On the other hand, functional studies in male human penile tissue are controversial, suggesting the involvement of all three cloned α1-ADR subtypes (Traish et al. J. Urol. 153: 222-227, 1995), or that the α1L-ADR subtype is the main mediator of NA-induced contraction in this tissue (Davids et al. Br. J. Pharmacol. 125: 13P, 1998). Conversely, nothing is known so far about vaginal vessels.
Pharmacological evidence for the univocal presence of a well defined α1-adrenergic receptor subtype(s) in the penile or vaginal tissue would represent a major advance in the field of male and female sexual dysfunction treatment, allowing the possibility of the use of selective α1-antagonists.
The α-antagonists currently being used for the treatment of predominantly male impotence suffer from unwanted side effects, such as priapism, a painful erection of exceeding long duration which may result in fibrosis of cavernous tissue (Brindley et al., Br. J. Pharmacol 87, 495-500, 1986). Other side effects are penile pain and hypotension (Peterson et al.

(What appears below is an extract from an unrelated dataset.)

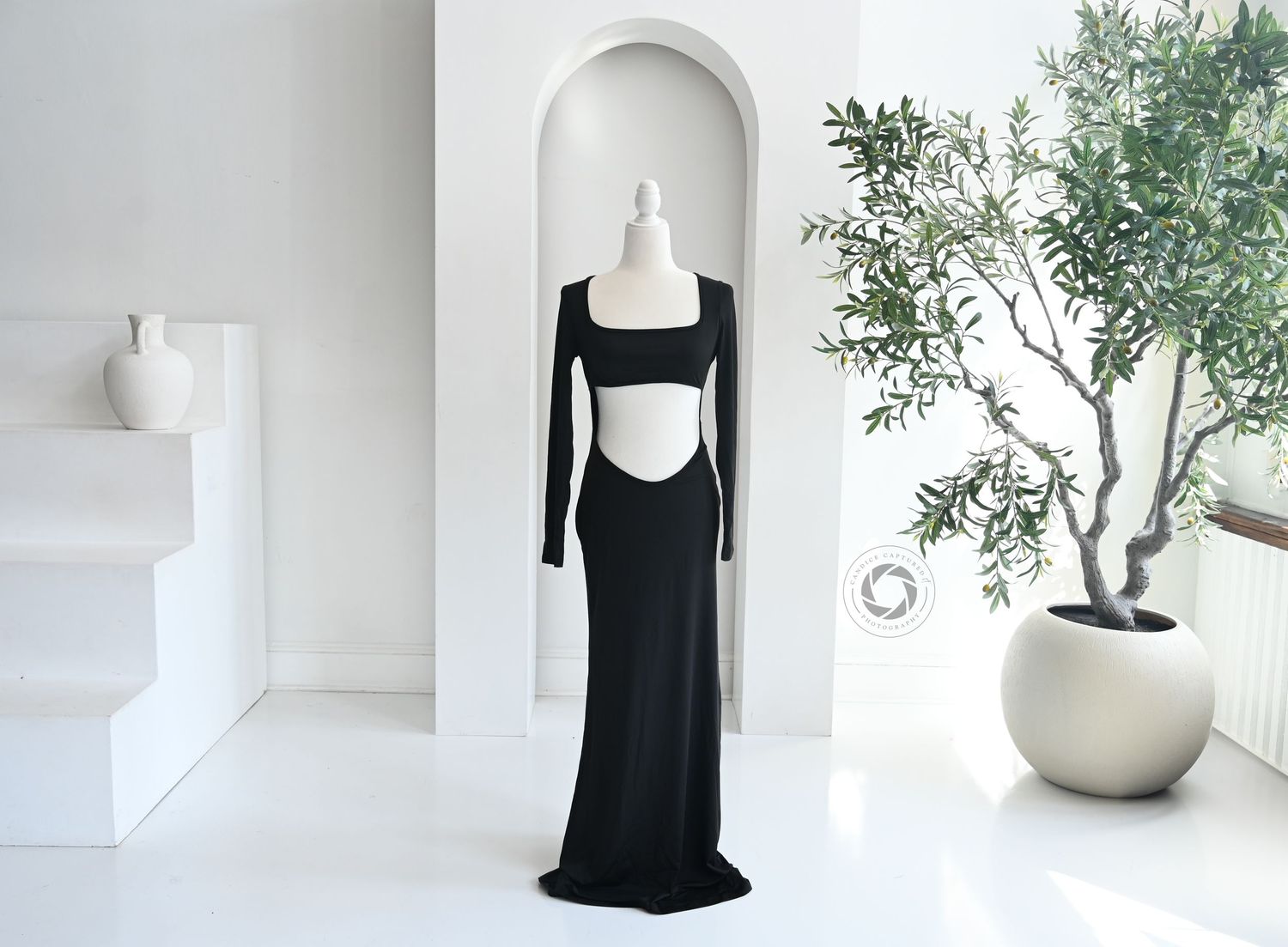A minimalist lifestyle scene with a black dress form against a white wall featuring delicate greenery decor.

J. Urol. 159: 1523-1527, 1998).
Thus there is still a need for selective α1-antagonists which do not subject the impotent patient to the side effects of known treatments, notably of the cardiovascular type.
Accordingly, it is a primary object of the present invention to provide a method of treating impotence, both male and female, which avoids any excessive side effects due to acute hypotension.
It is another object of the present invention to provide pharmaceutical compositions comprising selective α1b-adrenoceptor antagonists, which compositions are effective for the treatment of male erectile impotence and female sexual dysfunction.
It is another object of the present invention to provide a method of treating sexual dysfunction using selective α1b-adrenoceptor antagonists.
Other features and advantages of the present invention will be apparent to those of skill in the art from the following detailed description and appended claims.